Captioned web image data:
+++
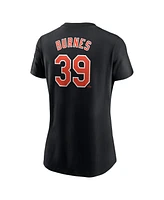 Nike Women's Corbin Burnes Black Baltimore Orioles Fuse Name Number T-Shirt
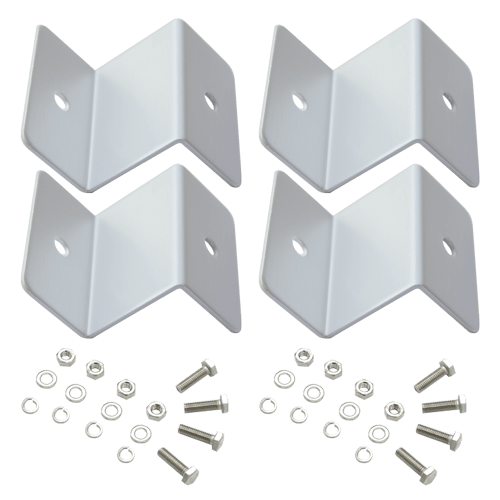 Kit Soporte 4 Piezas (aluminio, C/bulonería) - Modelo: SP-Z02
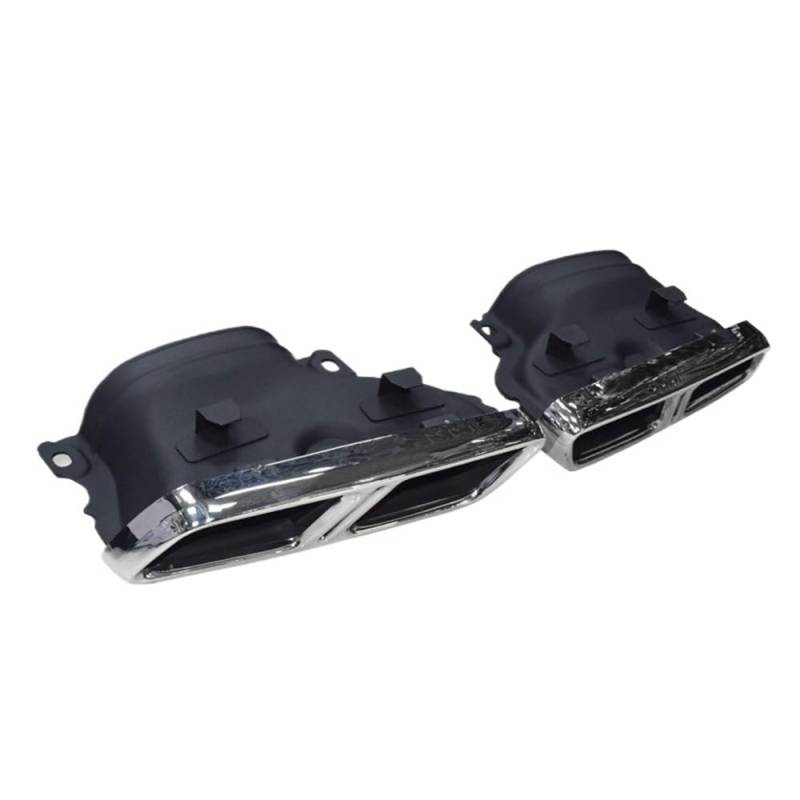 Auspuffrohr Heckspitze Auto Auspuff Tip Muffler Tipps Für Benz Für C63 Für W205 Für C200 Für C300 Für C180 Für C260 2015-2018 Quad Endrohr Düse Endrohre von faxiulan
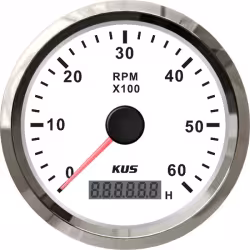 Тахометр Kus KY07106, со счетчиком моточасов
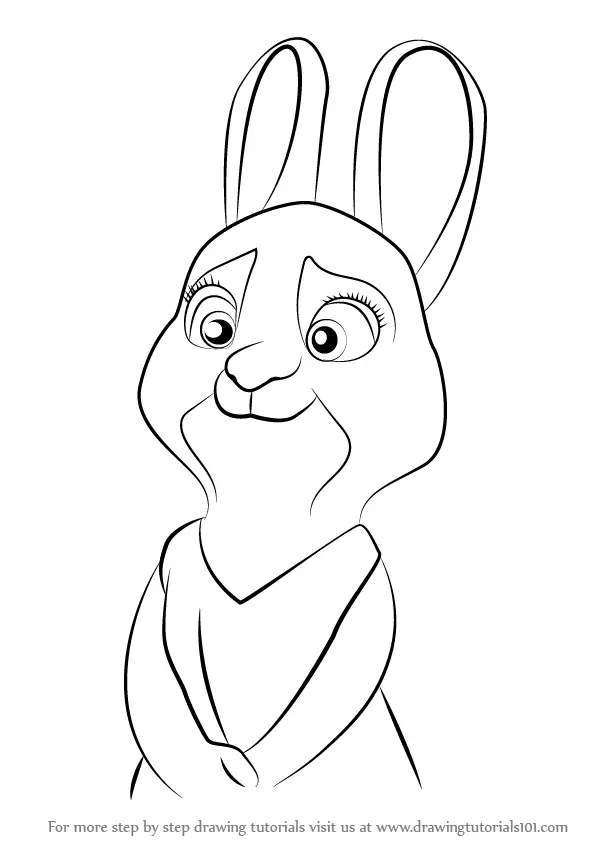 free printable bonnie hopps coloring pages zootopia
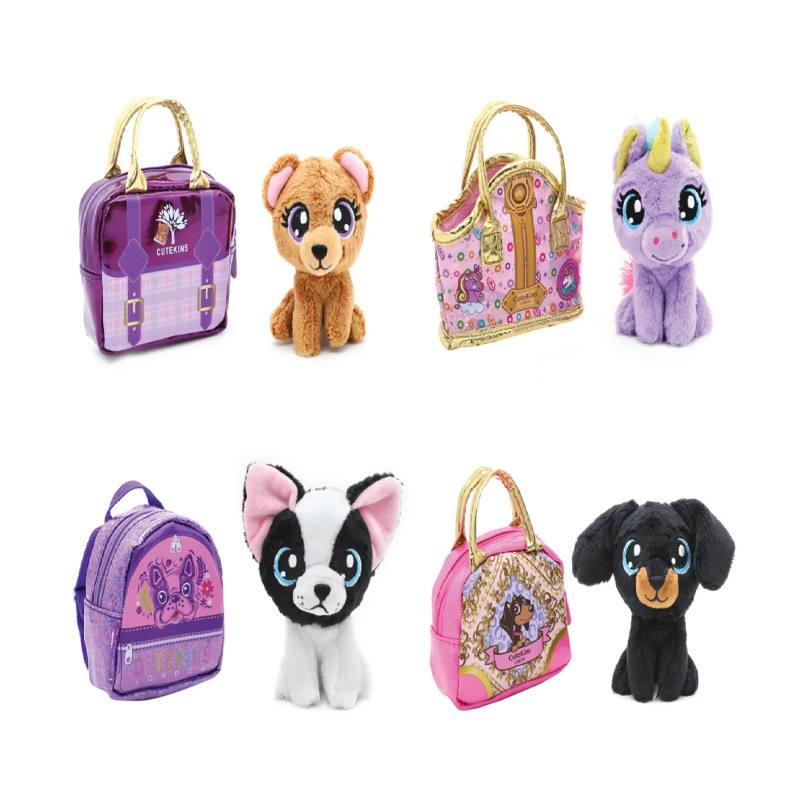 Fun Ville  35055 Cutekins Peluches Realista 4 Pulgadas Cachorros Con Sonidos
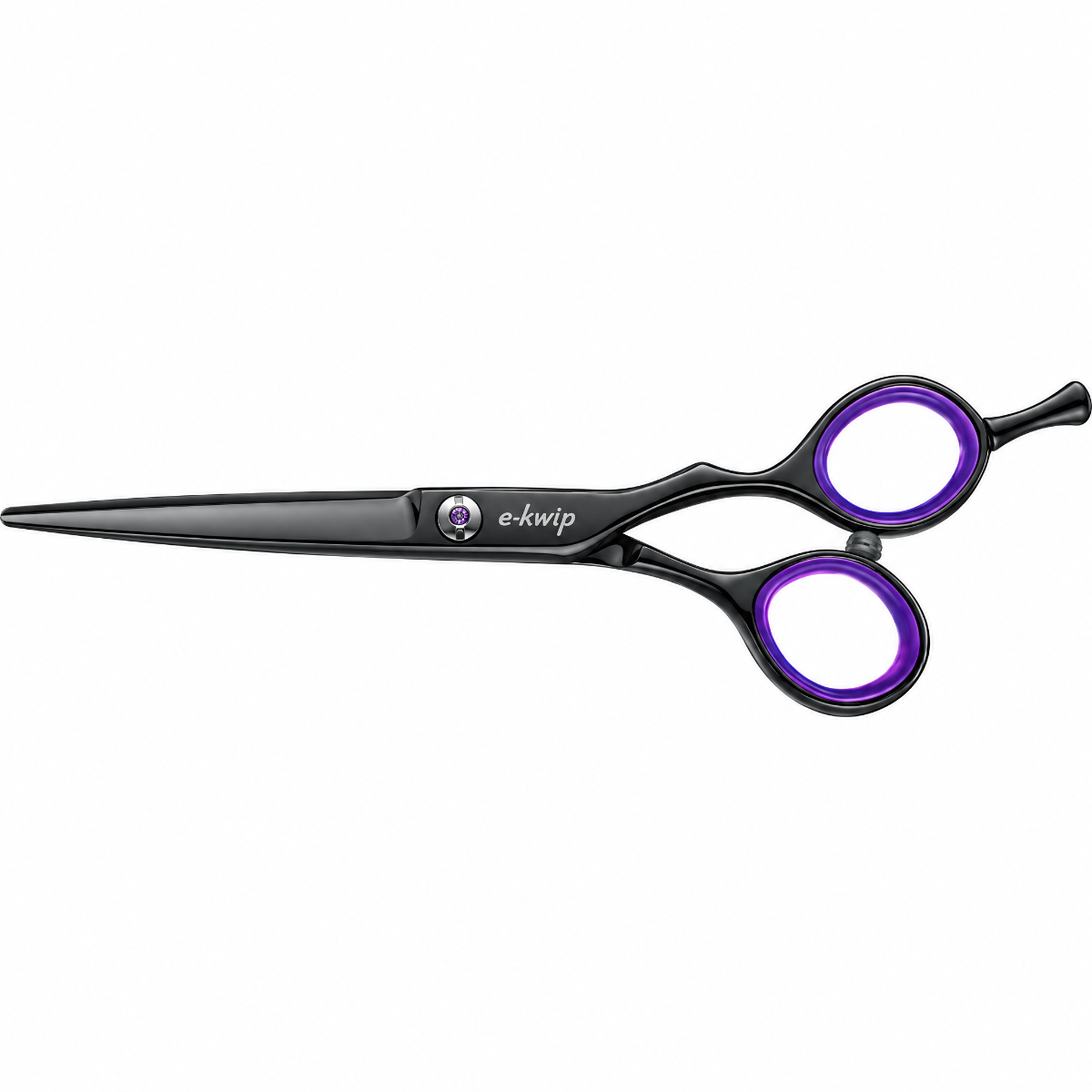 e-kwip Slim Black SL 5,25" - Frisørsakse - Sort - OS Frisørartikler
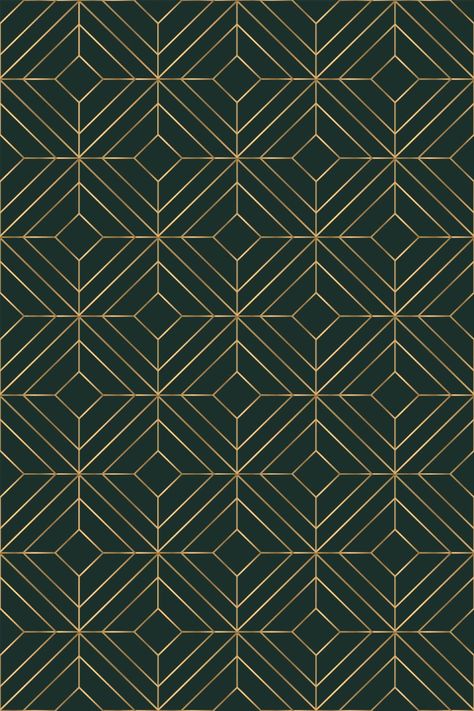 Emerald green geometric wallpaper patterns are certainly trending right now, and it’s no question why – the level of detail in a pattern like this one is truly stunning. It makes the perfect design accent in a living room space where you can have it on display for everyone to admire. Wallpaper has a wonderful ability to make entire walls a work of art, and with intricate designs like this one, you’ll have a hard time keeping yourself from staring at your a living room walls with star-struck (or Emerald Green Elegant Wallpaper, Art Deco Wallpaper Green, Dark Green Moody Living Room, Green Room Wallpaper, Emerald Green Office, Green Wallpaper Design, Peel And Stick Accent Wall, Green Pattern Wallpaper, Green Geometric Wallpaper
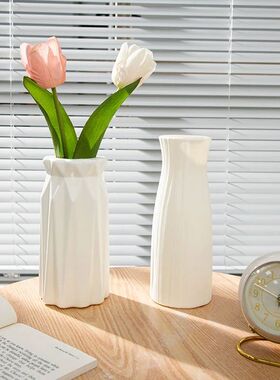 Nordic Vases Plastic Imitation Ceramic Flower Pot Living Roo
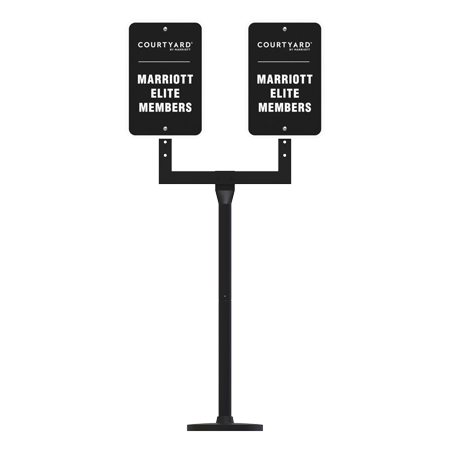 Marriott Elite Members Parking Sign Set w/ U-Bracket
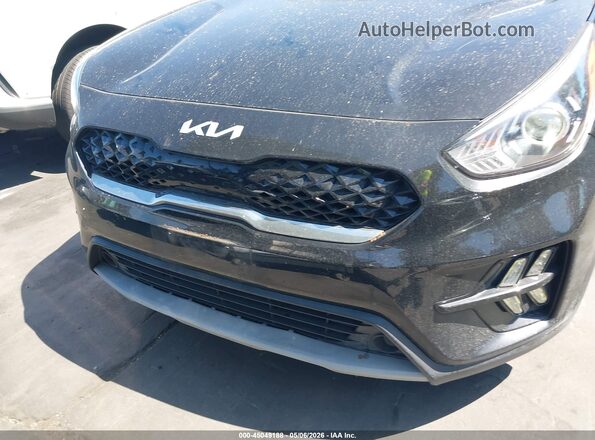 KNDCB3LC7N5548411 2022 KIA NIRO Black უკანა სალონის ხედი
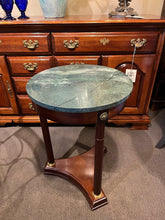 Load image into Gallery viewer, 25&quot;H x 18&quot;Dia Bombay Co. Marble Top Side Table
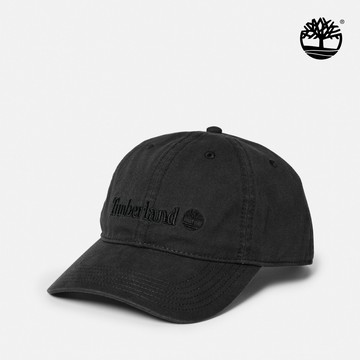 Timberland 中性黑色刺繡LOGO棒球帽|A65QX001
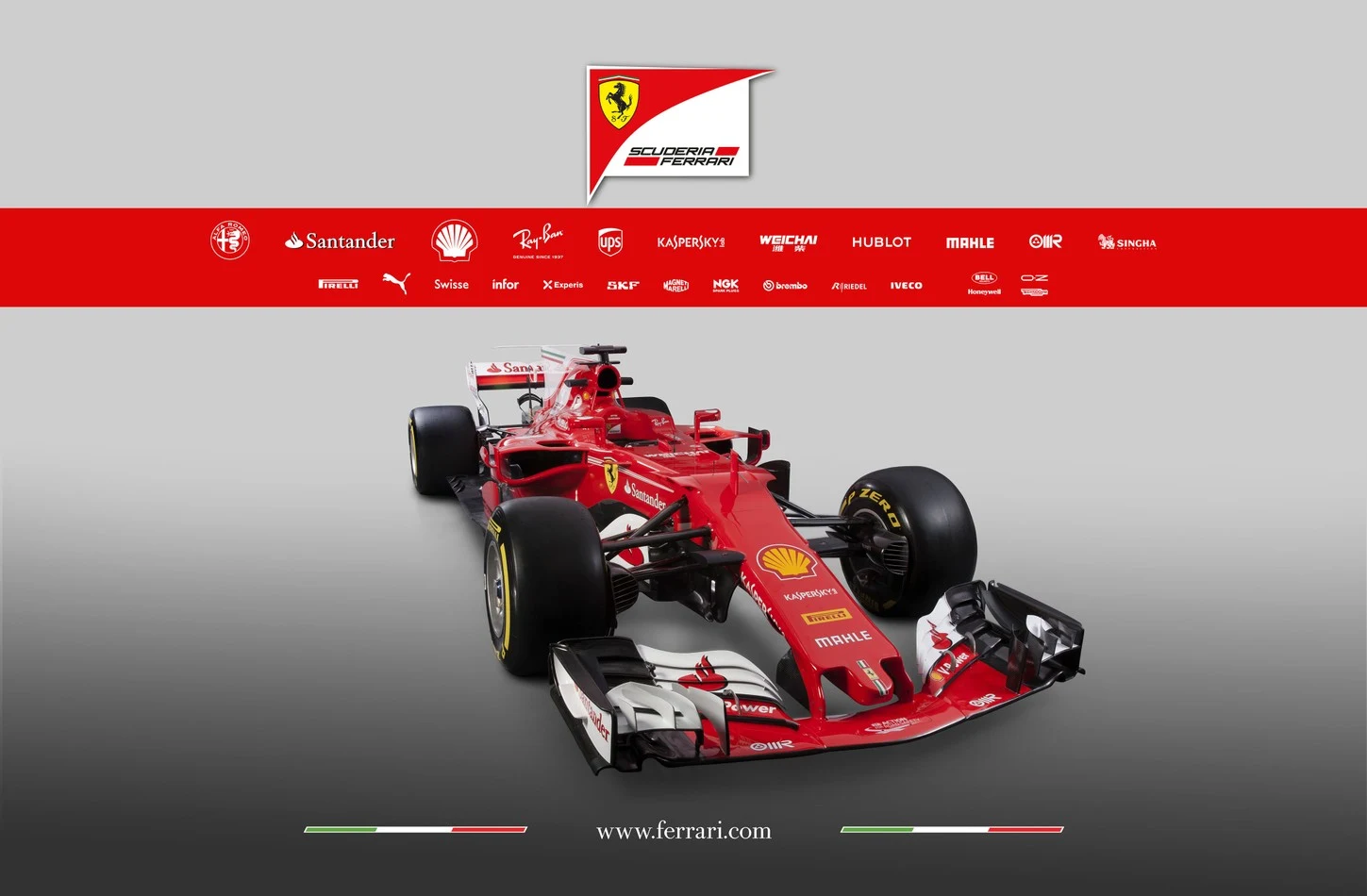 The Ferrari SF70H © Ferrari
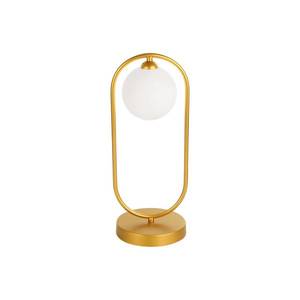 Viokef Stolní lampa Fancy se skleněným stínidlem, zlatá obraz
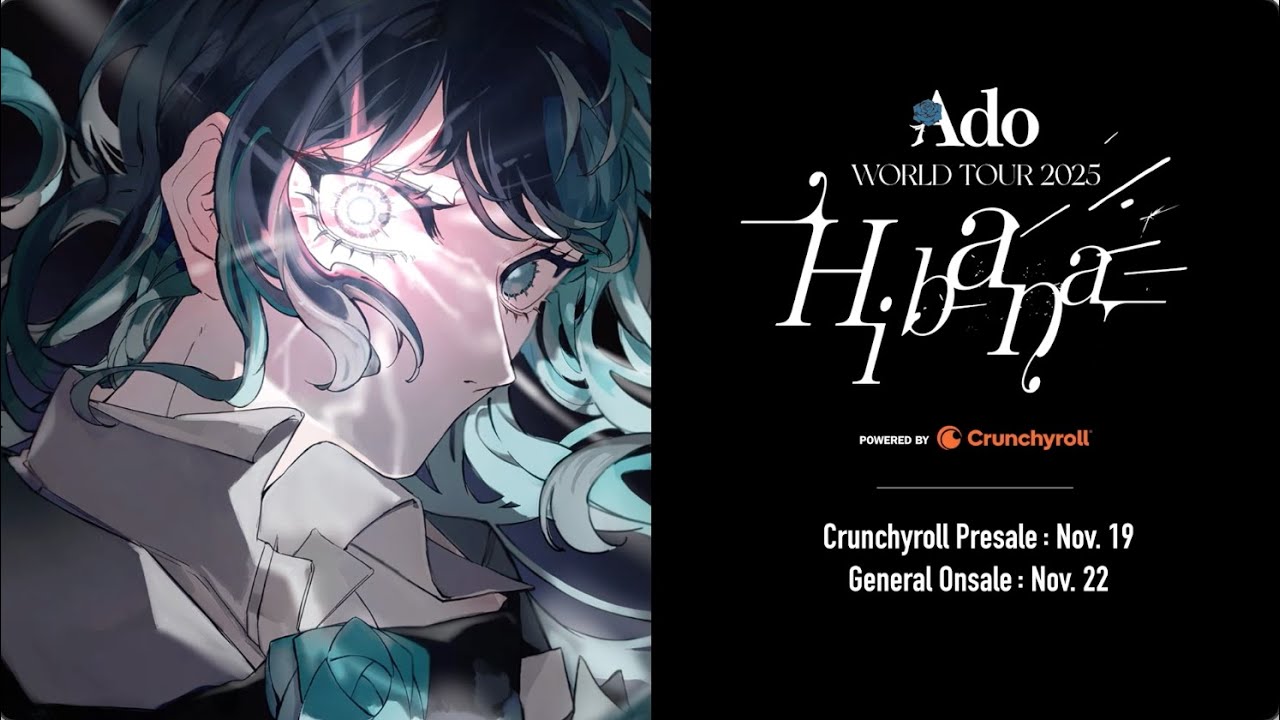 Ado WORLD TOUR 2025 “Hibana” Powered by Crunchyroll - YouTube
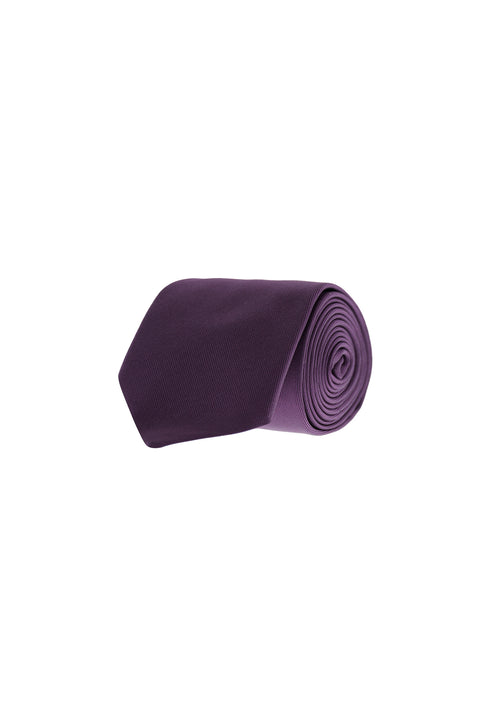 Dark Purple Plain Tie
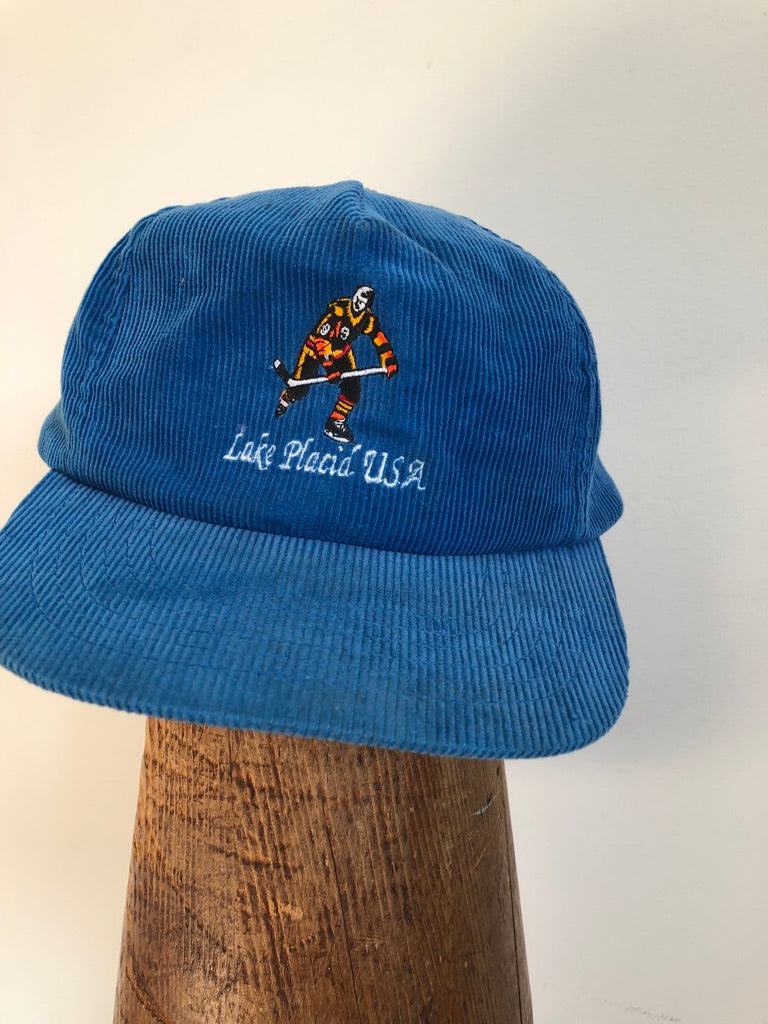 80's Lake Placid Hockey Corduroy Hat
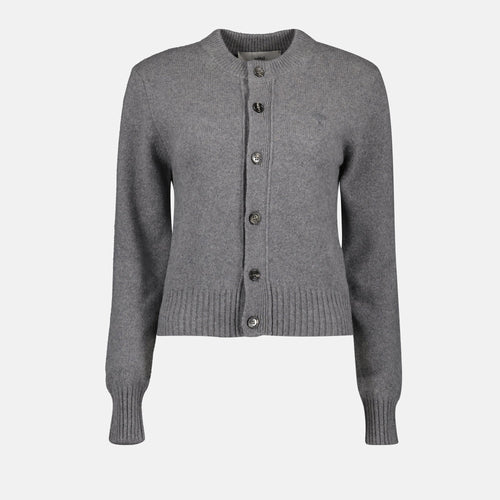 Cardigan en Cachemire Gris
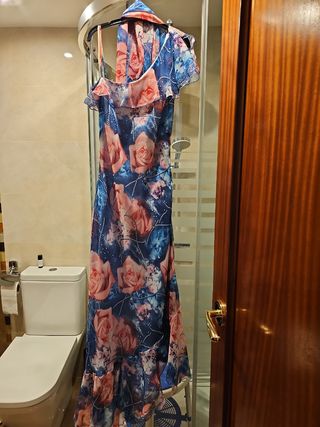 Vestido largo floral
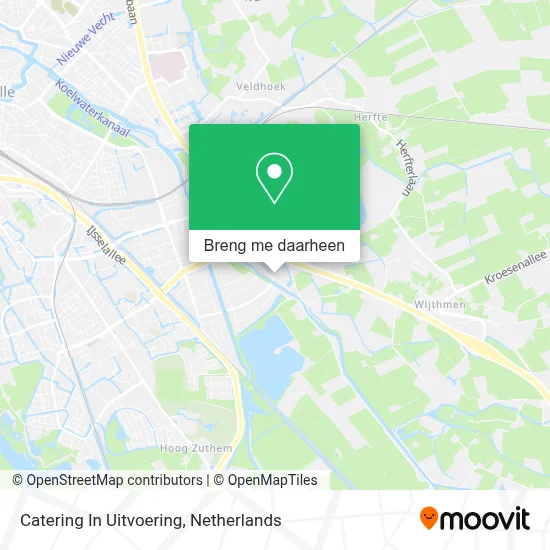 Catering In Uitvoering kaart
+++
> [Exercise instructions] Output exactly the lines above, from the line with "KNDCB3LC7N5548411 2022 KIA" to the line with "Viokef Stolní lampa", both included; skip the pictures.

> [Solution to the problem]
 KNDCB3LC7N5548411 2022 KIA NIRO Black უკანა სალონის ხედი
 Load image into Gallery viewer, 25&quot;H x 18&quot;Dia Bombay Co. Marble Top Side Table
 Timberland 中性黑色刺繡LOGO棒球帽|A65QX001
 The Ferrari SF70H © Ferrari
 Viokef Stolní lampa Fancy se skleněným stínidlem, zlatá obraz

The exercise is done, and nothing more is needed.